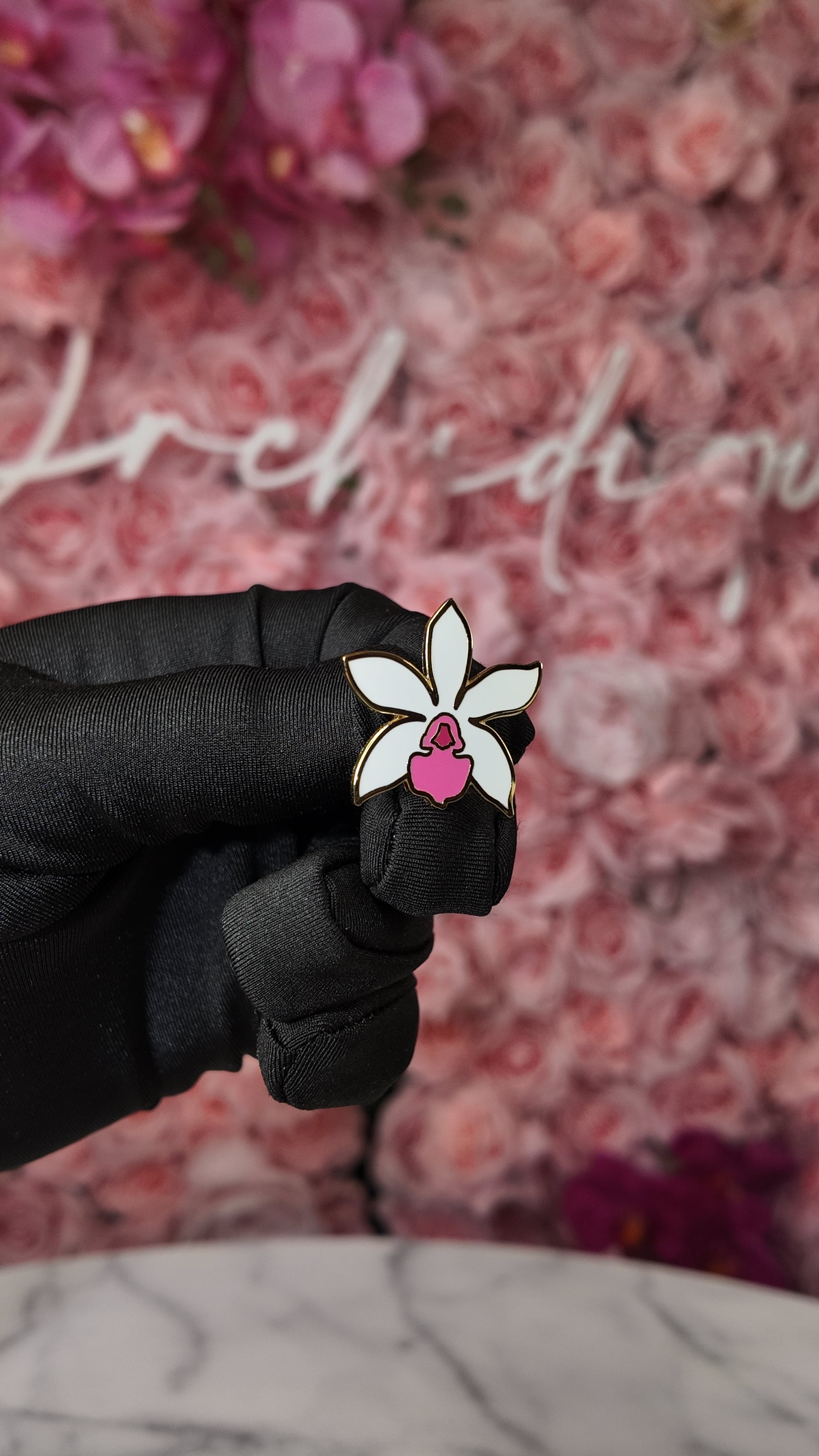 Cattleya Orchid Flower Enamel Lapel Pin - Orchidique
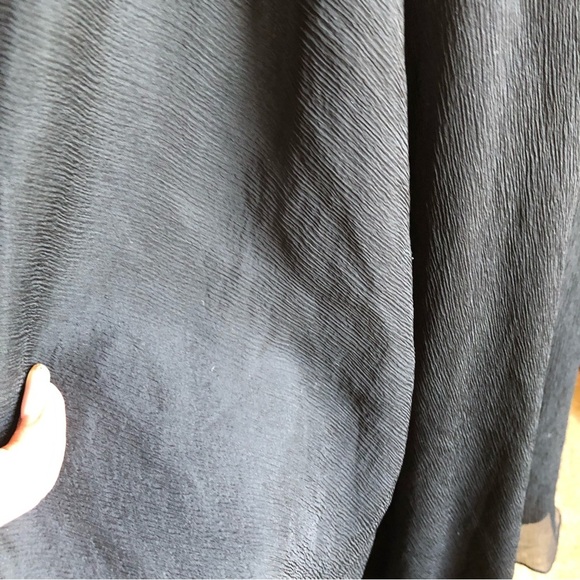 Samantha Treacy black silk halter dress lace front side zip lined wavy hemline 4 - Picture 3 of 12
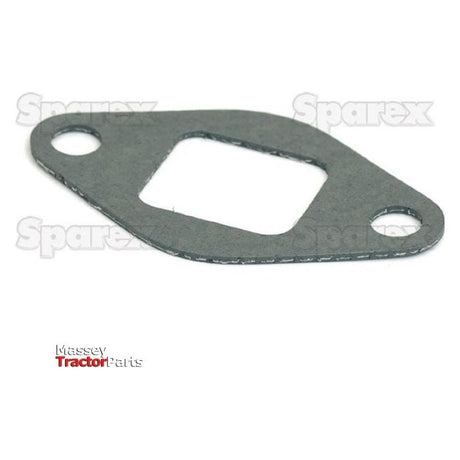 Image of a gray metal gasket with two circular holes on opposite ends and a central rectangular opening, designed for Perkins Engine. The background features a faint "Sparex" watermark and "Massey TractorParts" logo. This is the Exhaust Manifold Gasket | Sparex Part No.S.42686, ideal for Massey Ferguson exhaust manifold repairs.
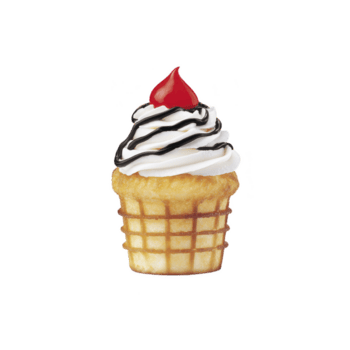 delightful cupcake with creamy white frosting, chocolate drizzle, and cherry on top, resembling ice cream cone. waffle patterned base adds playful touch png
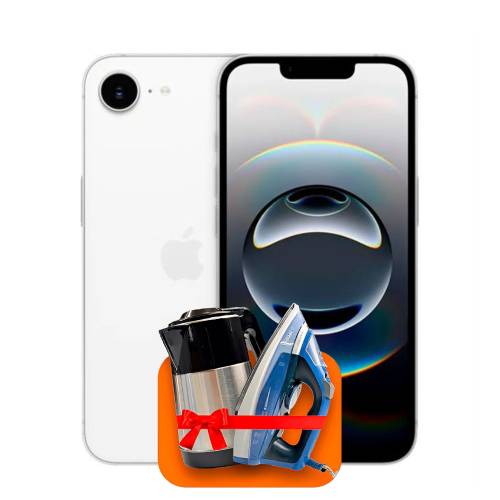 Apple iPhone 16e 128ГБ (Белый) + (Утюг или электрочайник) + 100 ГБ интернета + 3 месяца ТV-COM в подарок!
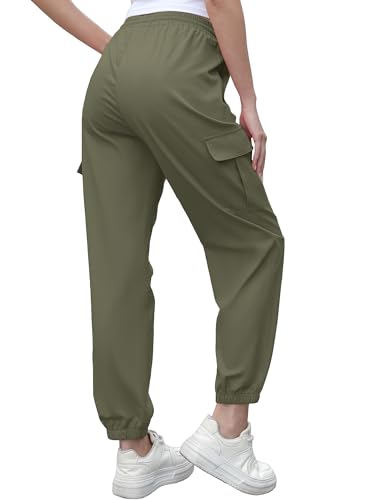 Image of Cromoncent Girls&Womens Cargo Pants Elastic Waist Lightweight Outdoor Jogger Pants, 6 Years - XX-Large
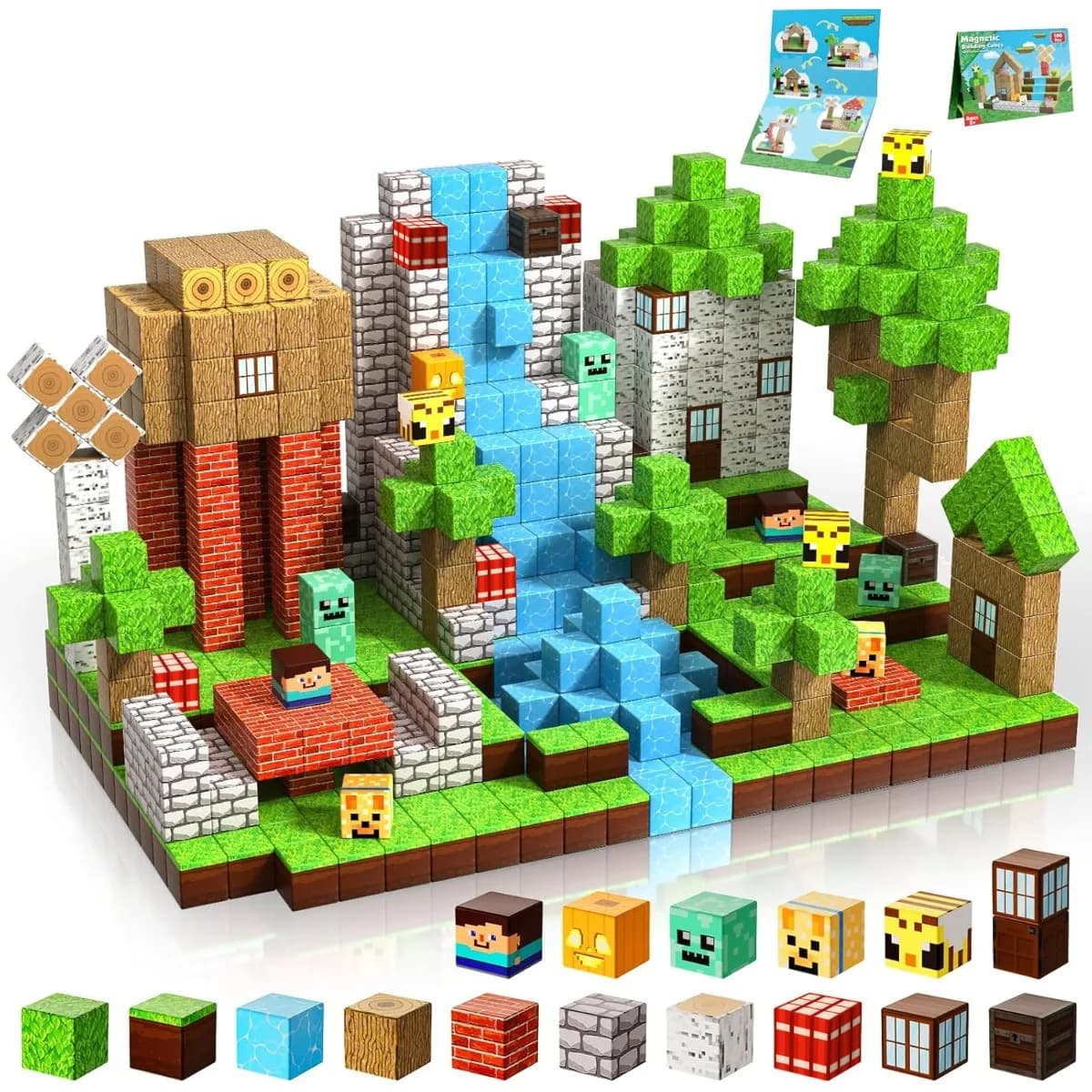 Blocs de construction magnétiques Mine World, ensemble de jouets en briques de forêt magnétiques, jo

******

*WHAT YOU WILL DO*
Retyping should start at the first line of the data above and stop after the line with "Samantha Treacy black", and no picture should be included.

*ANSWER*
 Cattleya Orchid Flower Enamel Lapel Pin - Orchidique
 Samantha Treacy black silk halter dress lace front side zip lined wavy hemline 4 - Picture 3 of 12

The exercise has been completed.